Your answer must be the exact lines below, starting with the line with "Beethoven Piano Trio" and going on through the line with "Mikina s potiskem Gangsta pug", both included, with no pictures.

(RECORD EXCERPTS Opens)

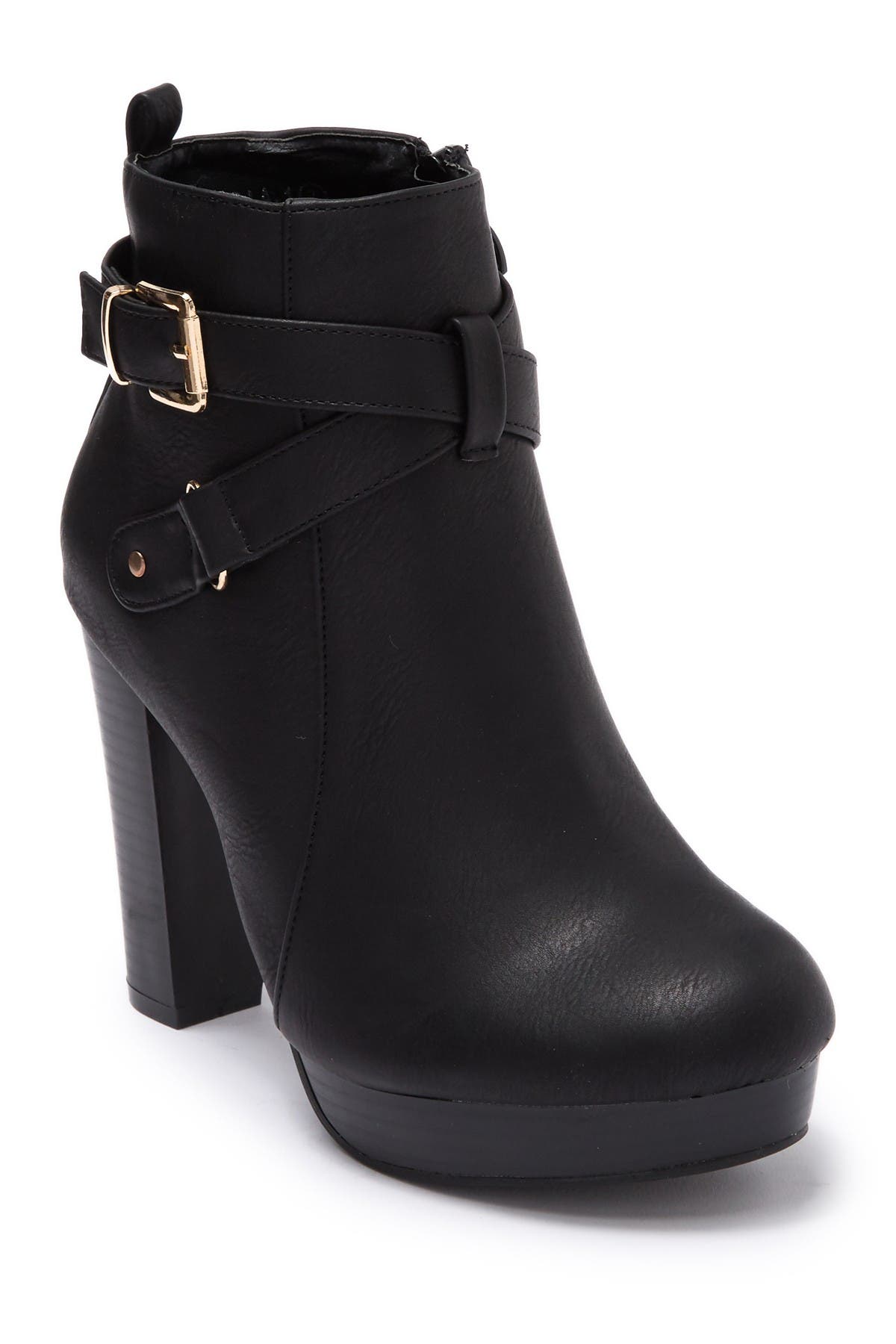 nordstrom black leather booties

(RECORD EXCERPTS Closes)
(RECORD EXCERPTS Opens)

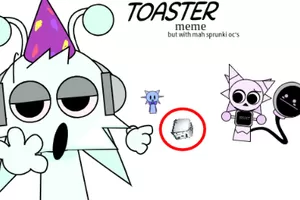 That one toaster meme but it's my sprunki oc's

(RECORD EXCERPTS Closes)
(RECORD EXCERPTS Opens)

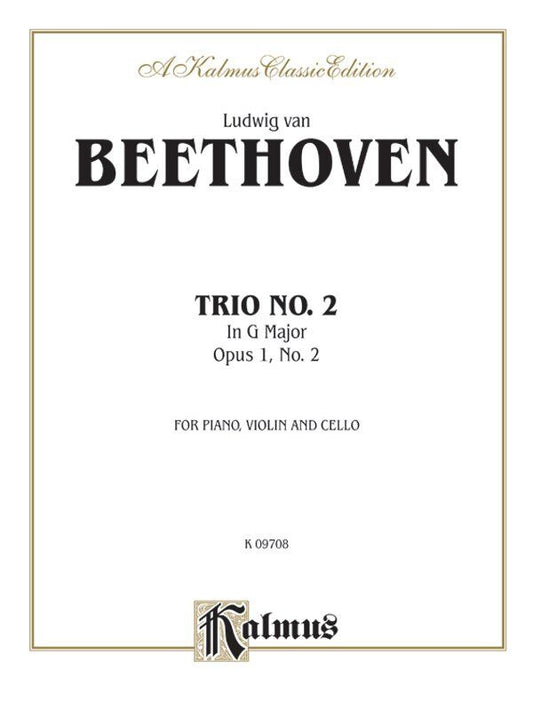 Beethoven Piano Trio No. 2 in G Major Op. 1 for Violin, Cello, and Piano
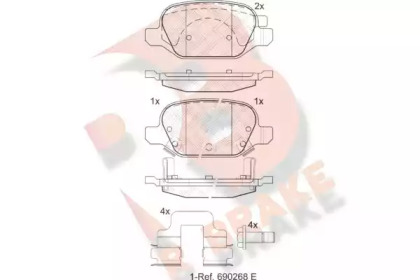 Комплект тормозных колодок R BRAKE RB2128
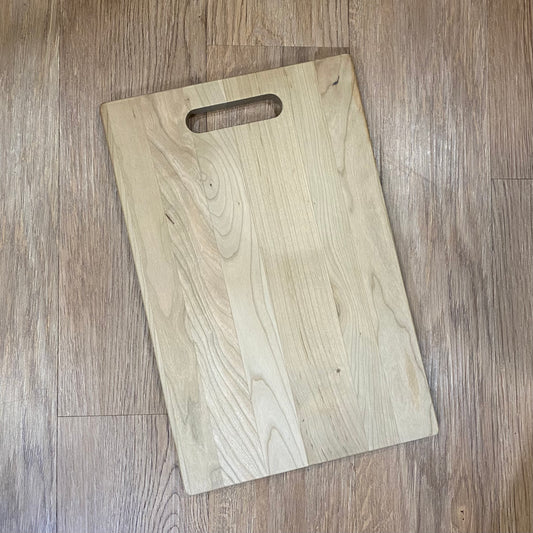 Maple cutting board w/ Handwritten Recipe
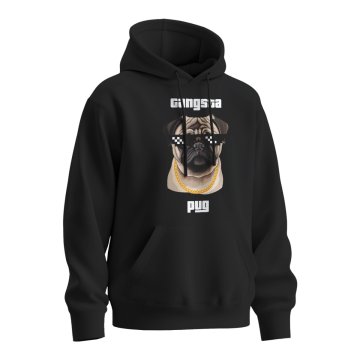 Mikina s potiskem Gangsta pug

(RECORD EXCERPTS Closes)

- ANSWER TO THE PROBLEM
 Beethoven Piano Trio No. 2 in G Major Op. 1 for Violin, Cello, and Piano
 Комплект тормозных колодок R BRAKE RB2128
 Maple cutting board w/ Handwritten Recipe
 Mikina s potiskem Gangsta pug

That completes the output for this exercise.